Assuming there can be no current row per group.

WITH new_current AS (  -- only these groups require updates
   SELECT *
   FROM  (
      -- get row with greatest non-current pk per group
      SELECT a, b, c, d, MAX(pk) AS new_pk
          , (SELECT a2.pk  -- get current row of the same group
             FROM   assertion a2
             WHERE (a2.a, a2.b, a2.c, a2.d)
                 = (a1.a, a1.b, a1.c, a1.d)
             AND    a2.current
            ) AS old_pk
      FROM   assertion a1
      WHERE  NOT current
      GROUP  BY a, b, c, d
      ) a1
   WHERE (old_pk < new_pk   -- only if old pk is lower (!)
       OR old_pk IS NULL)   -- or does not exist
   )
, up1(dummy) AS (  -- update current to false FIRST
   UPDATE assertion a
   SET    current = false
   FROM   new_current n
   WHERE  (a.a, a.b, a.c, a.d, a.pk)
        = (n.a, n.b, n.c, n.d, n.old_pk)  -- only matches existing old pk
   RETURNING true
   )
UPDATE assertion a  -- then update the new current row
SET    current = true
FROM   new_current n
LEFT   JOIN (SELECT FROM up1 LIMIT 1) AS force_update_order ON true  -- !!!
WHERE  (a.a, a.b, a.c, a.d, a.pk)
     = (n.a, n.b, n.c, n.d, n.new_pk);

Should dwarf anything else you tried so far.
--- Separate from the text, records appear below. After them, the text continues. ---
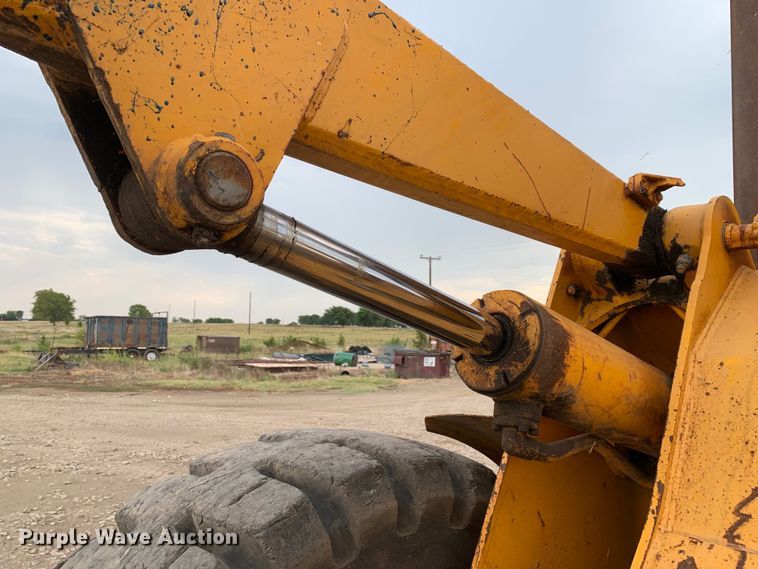 image for item DM1773 1981 John Deere 644B wheel loader
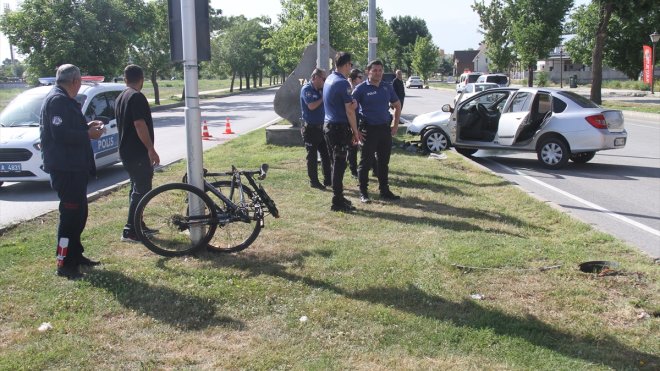 Erzincan'da otomobilin çarptığı bisiklet sürücüsü öldü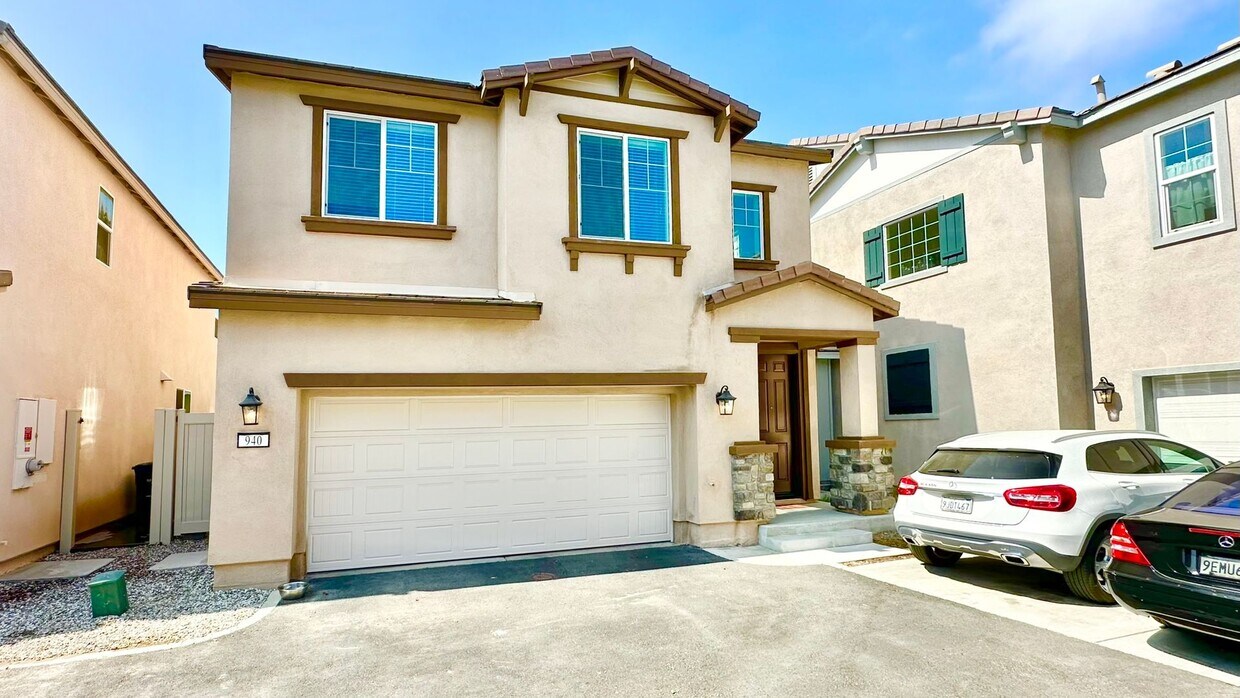 Primary Photo - Newer 2022 Construction Two-Story with Pri...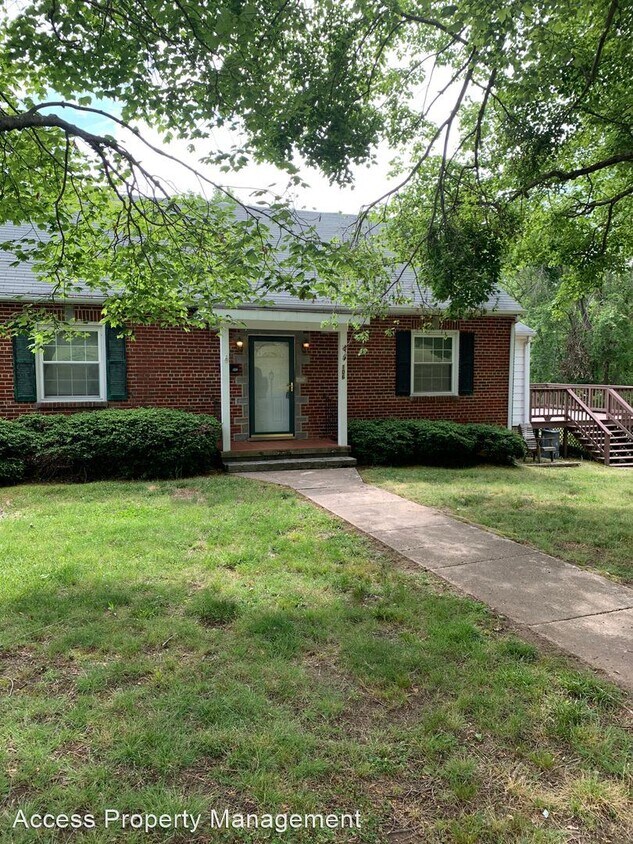 Primary Photo - 3 br, 2 bath House - 106 E Courthouse Road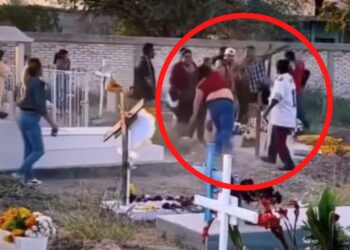 Video: ¡Pelean terrenos a “pedradas” frente a la tumba de la abuela!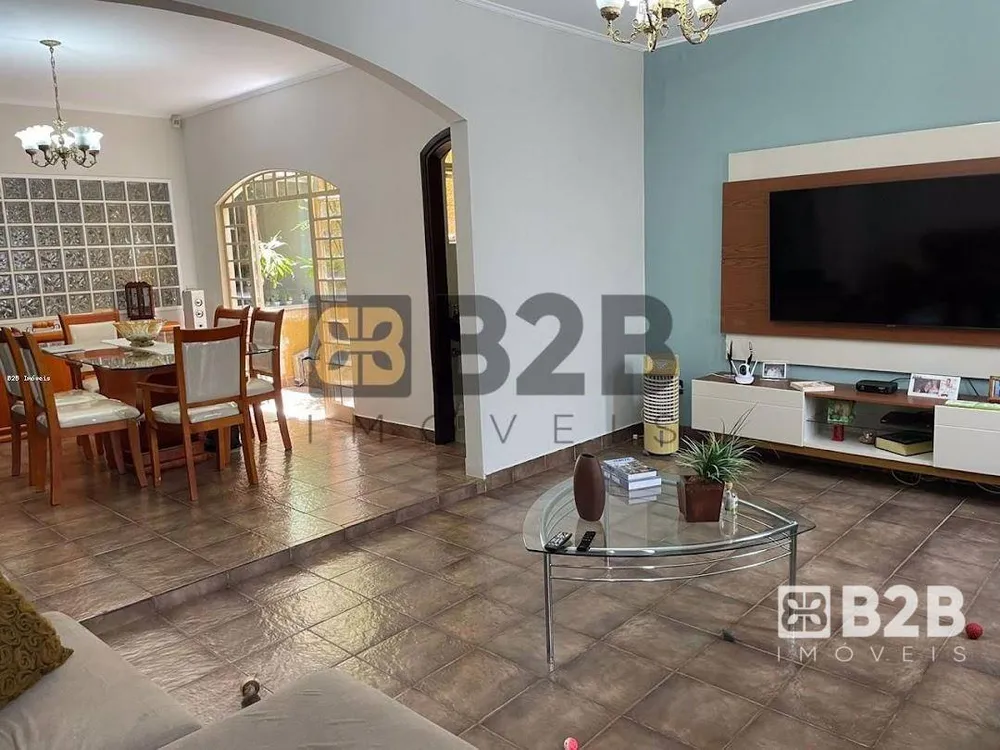 Casa, 3 quartos, 195 m² - Foto 2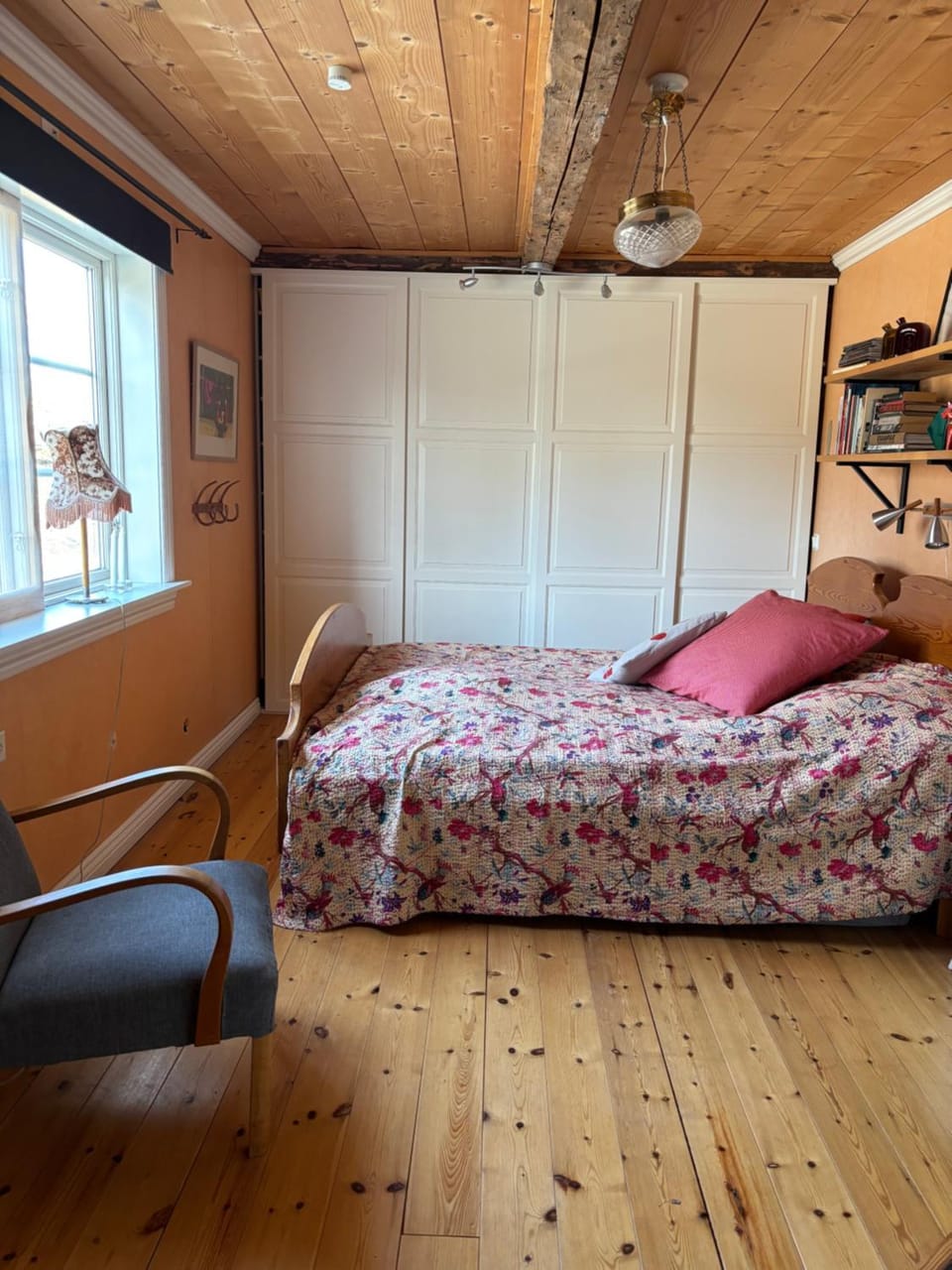 Torpidyll nära sjö House in Sweden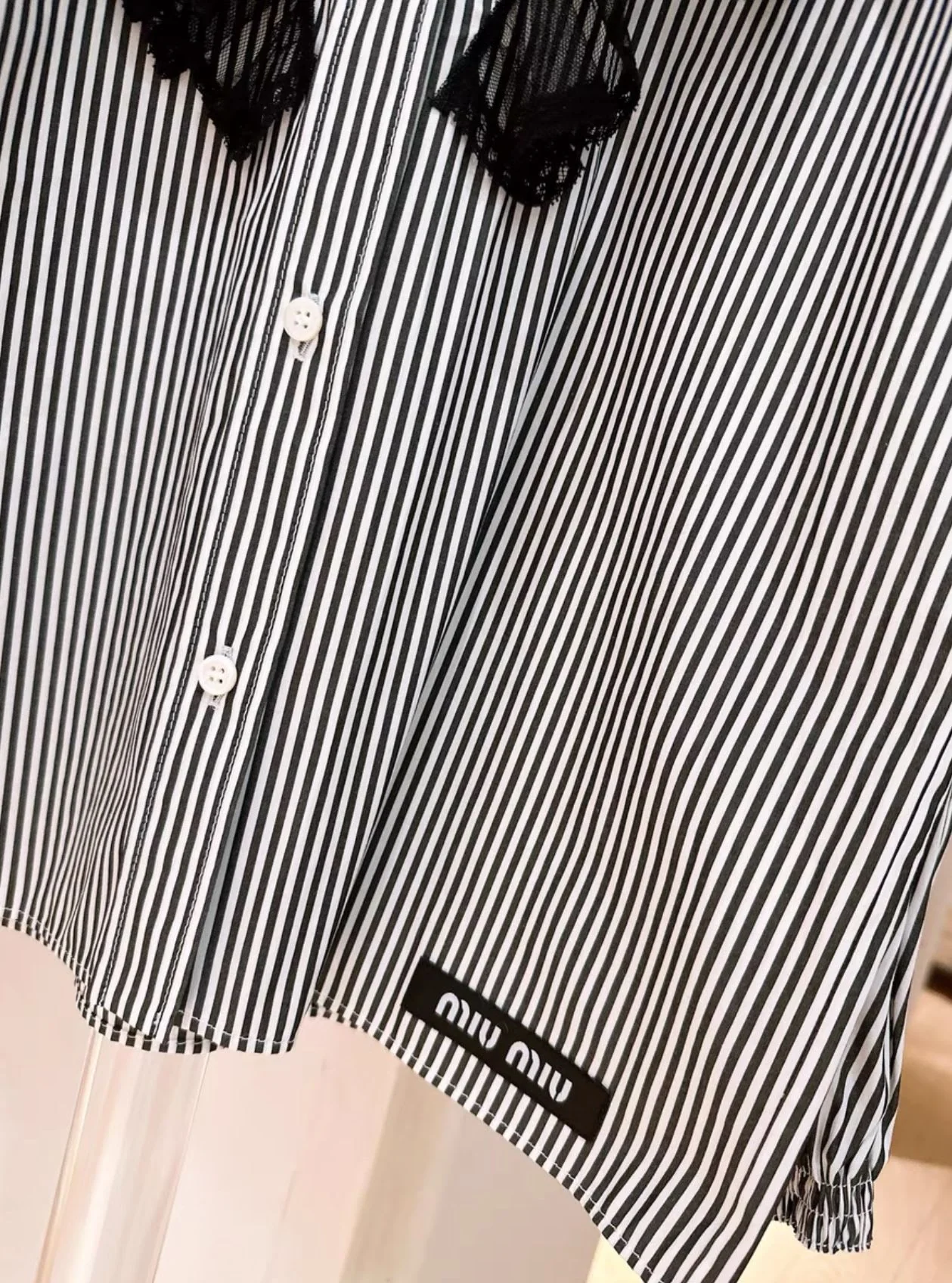 Miu Miu black and white striped lace shirt - Image 4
Subquery a1 gets the row with greatest non-current pk per group with a simple max() aggregation. That's the optimum while there are few candidate rows (NOT current) per group. Else, optimize this step further with an emulated index skip scan:

• Optimize GROUP BY query to retrieve latest row per user
• Best performance to get distinct values for a given key from a big table

The tricky part is to keep the UNIQUE constraint happy. It does not allow two current rows per group at any given time. There is no order of execution among CTEs of the same query - as long as one does not reference the other. I put in such a dummy reference to force the order of updates.

When there was no current row, yet, the CTE up1 returns no row. So we use LEFT JOIN. And LIMIT 1 to never duplicate rows.

Answer 2

I don't think you should try to avoid every seq scan. But you do not want a seq scan which will be executed a large number of times (like in a un-hashed subplan, or in the 2nd child of a nested loop).

In your first plan, it does have a seq scan in an unhashed subplan, but it claims this will only be executed once, so it would not be too bad if that is accurate. But that does seem to contradict your description of "the 'current' flag is true for 98% of rows", so maybe the stats are just grossly wrong.

You could increase our work_mem until the subplan switches to a hashed subplan, or you could rewrite your query from NOT IN to NOT EXISTS.

In the case of option 2, you could just add a WHERE to eliminate the inoperative updates:

UPDATE assertion
   SET current = not current
   WHERE current <>  
     (CASE WHEN assertion.pk IN (select PK from assertion_current)
     THEN TRUE ELSE FALSE END)

But again using EXISTS rather IN is likely to be better.